Ya en La Habana, Rodríguez Aldave, historiador, realiza investigaciones en el Archivo Nacional y dicta varias conferencias. En lo que respecta a María, invitada por diversas asociaciones culturales y por la universidad, la esperan varios ciclos de conferencias. El primero en la Institución Hispano-Cubana de Cultura, fundada y dirigida por Fernando Ortiz, y quizá el centro cultural de la sociedad civil que más cercano se mostró en la acogida de los intelectuales republicanos que llegaban a Cuba, todos necesitados del circunstancial amparo económico que se les brindaba y, sobre todo, del reconocimiento y el afecto con que eran recibidos. Unos años antes, habían sido invitados Federico García Lorca y Juan Ramón Jiménez. El tema sobre el que discurrió este primer ciclo de conferencias fue la presencia de la mujer en la historia de Occidente y la necesidad de atender a su voz en los momentos de crisis. Estas se titularon «La mujer en la cultura medioeval», «La mujer en el Renacimiento» y «La mujer en el Romanticismo», y fueron recibidas con entusiasmo por las mujeres cubanas que reclamaban la equidad social y política y que en 1918 lograron la aprobación de una ley de divorcio, entre las primeras en el ámbito hispánico; en 1934, un año después de España, obtuvieron el derecho al sufragio electoral y en 1940, coincidiendo con la llegada de Zambrano, consagraron sus derechos en la recién aprobada Constitución.

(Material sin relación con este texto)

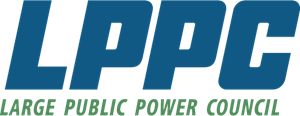 LPPC Logo PNG Vector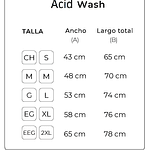 I LOVE THEM | BTS | Polera manga corta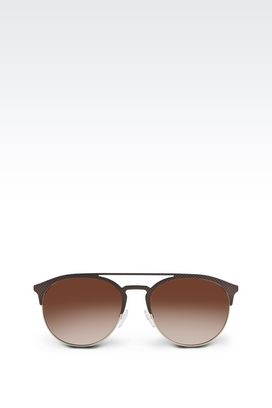 cheap gucci frames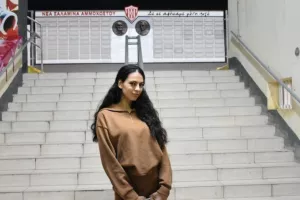 Εκδήλωση Ονοματοδοσίας εις μνήμην των Λευτέρη Ελευθερίου και Μάκη Κωνσταντίνου (φώτος)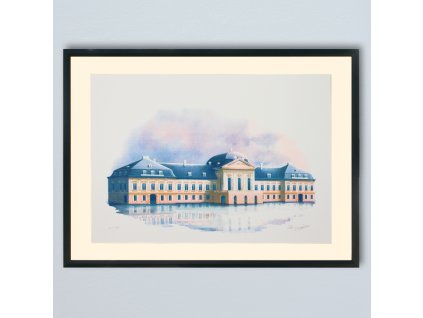 Palac mockup upravene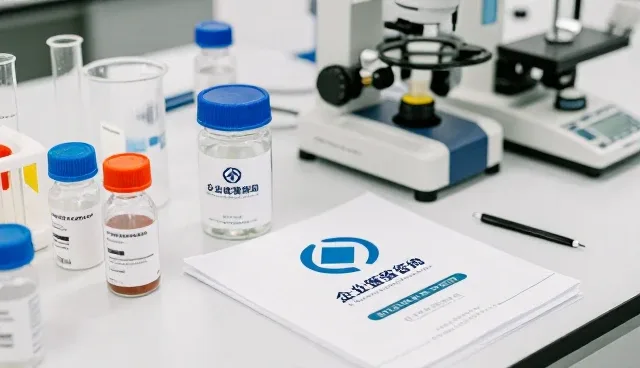 业务流程优化在房地产开发中的实际应用分析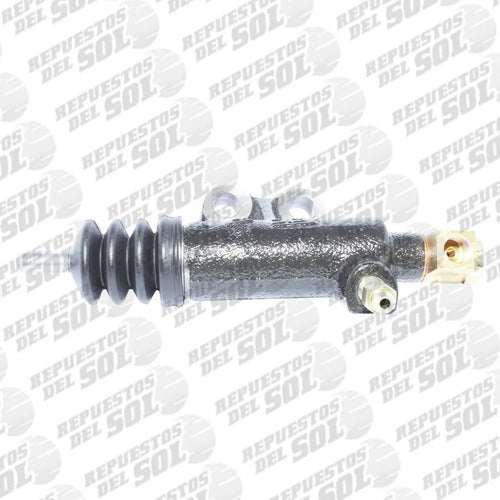Cilindro Embrague Hyundai H1 2.4 A1 G4cs 1998 2004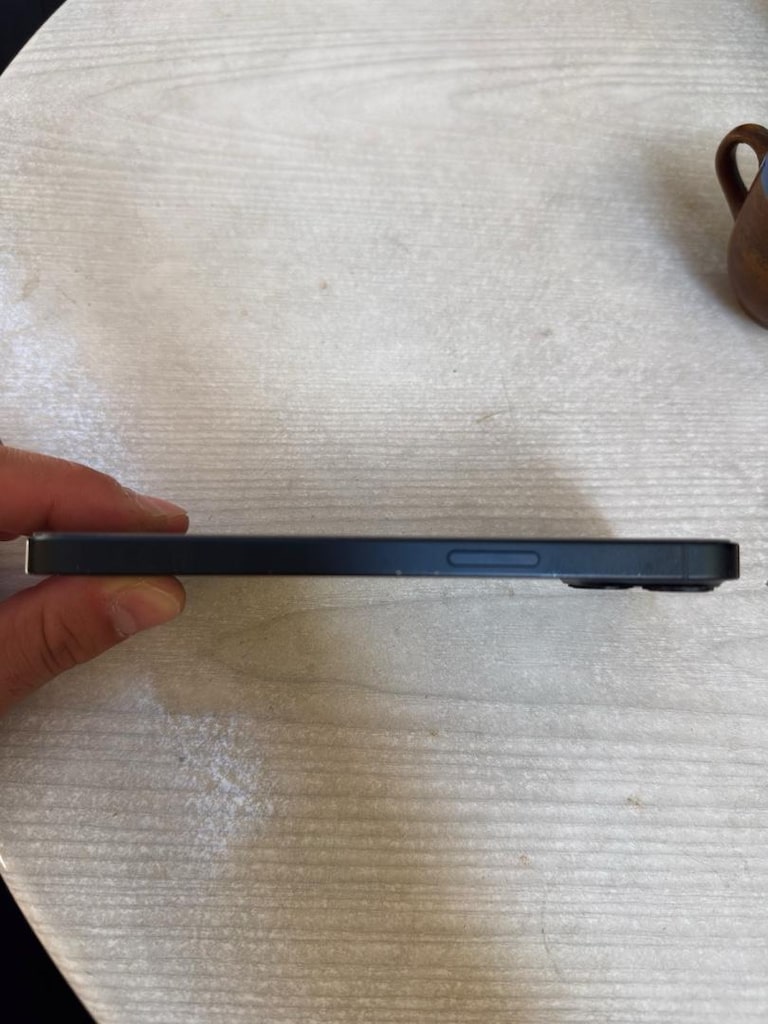 ıphone 13 128 gb - 3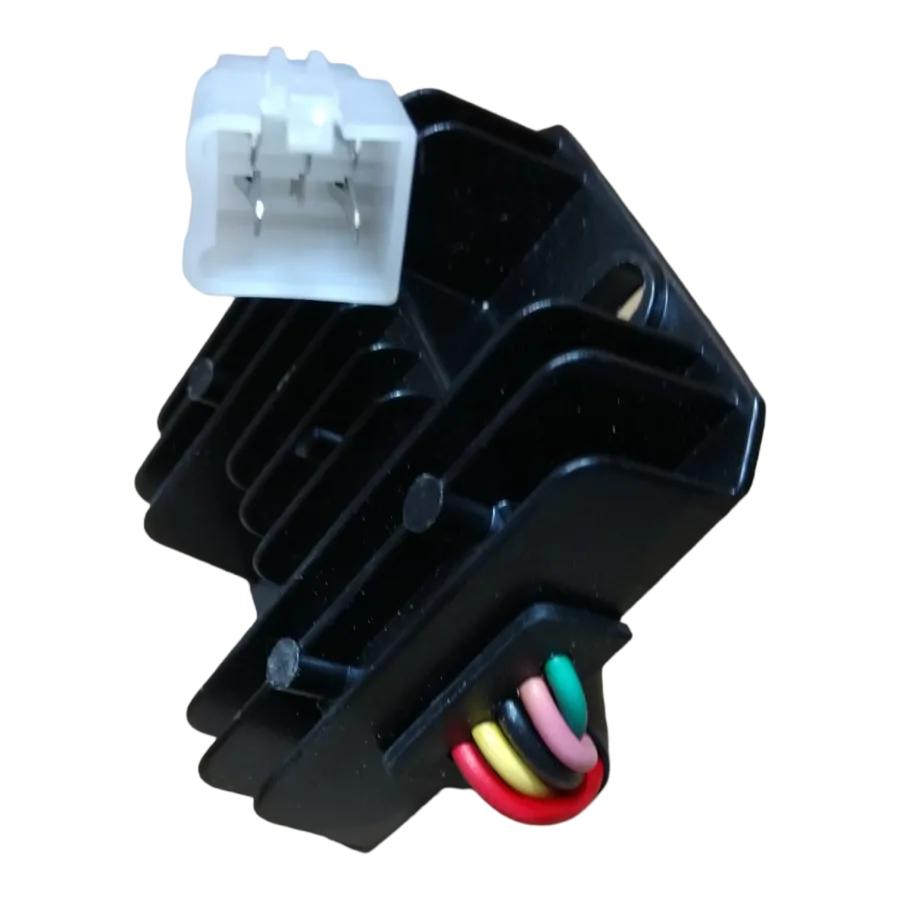 REGULADOR CORRIENTE 150SZ 16-18,150Z 14-16 19-21
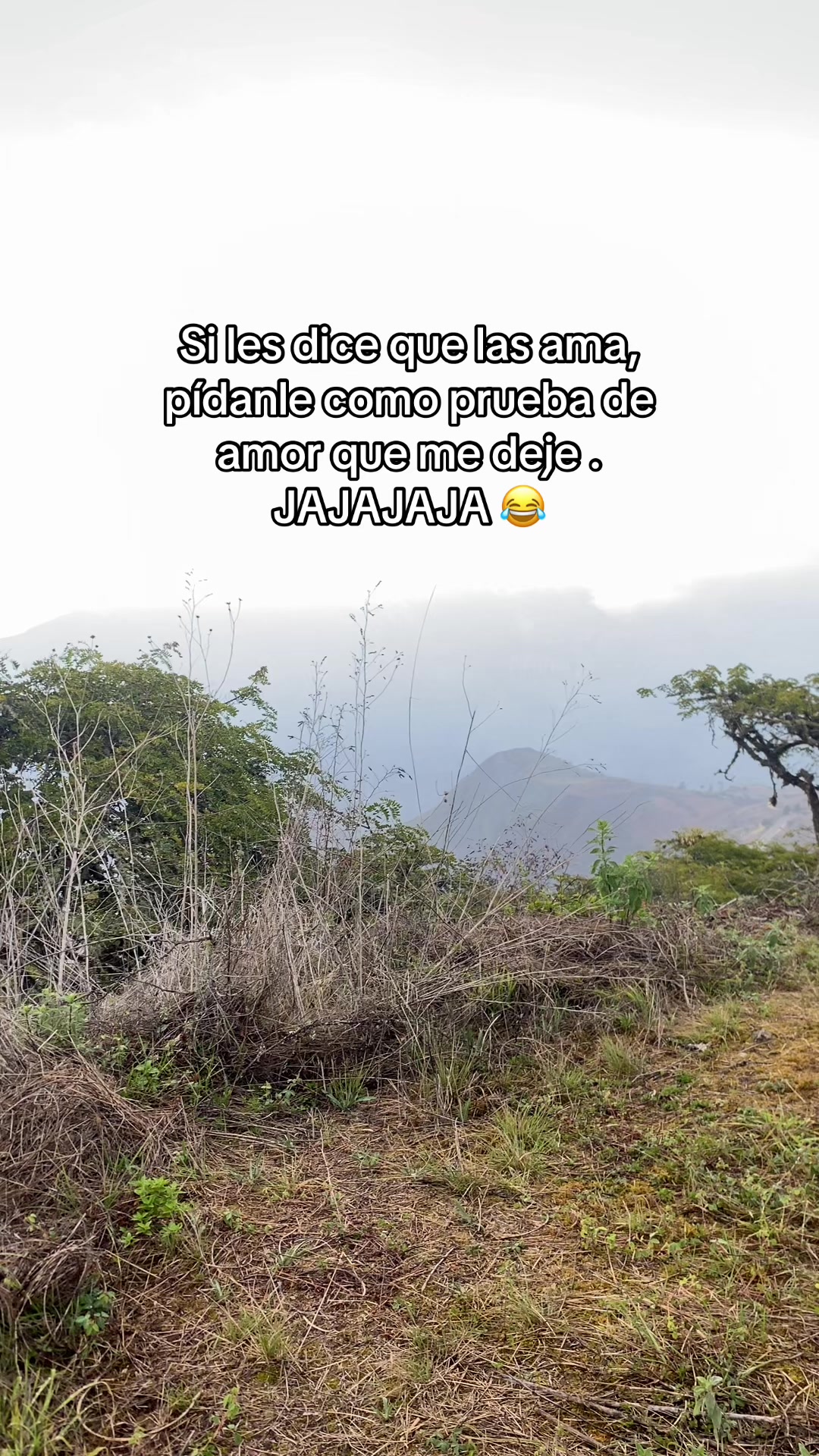 @🌹Rosalia Garcia ✨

José María Chacón y Calvo, director del Ateneo de La Habana y director de Cultura de la Secretaría de Educación, invitó a Zambrano para que impartiese en el Ateneo un ciclo de conferencias sobre «La mística española: san Juan de la Cruz» y un curso compuesto por cinco lecciones sobre «Los orígenes de la ética». El curso incluía una sesión titulada «Ortega y Gasset y el pensamiento español», y Zambrano pidió a Chacón que la eximiese de la misma: «[…] hHa llegado a mí la posición franquista de Ortega y ya es algo muy por encima de mis fuerzas el hablar sobre él. No me lo imagino. ¿Qué quiere usted? Al lado de ellos no puedo componer su figura, tan venerada, junto con tanta y triste vaciedad espiritual» (Dosil, 2010, pp. 134-135).

Todavía tuvo fuerzas para dictar en el mes de octubre dos conferencias en el aula magna de la Universidad de La Habana y disponer su viaje a Puerto Rico, invitada por la Asociación de Mujeres Graduadas de la Universidad de Río Piedras, donde es cálidamente recibida por el rector Jaime Benítez, por la infatigable gestora cultural Nilita Vientós, el ensayista Tomás Blanco, el antropólogo Ricardo Alegría y, entre otros intelectuales, el escritor Luis Muñoz Marín, que sería elegido primer gobernador de la isla en 1948.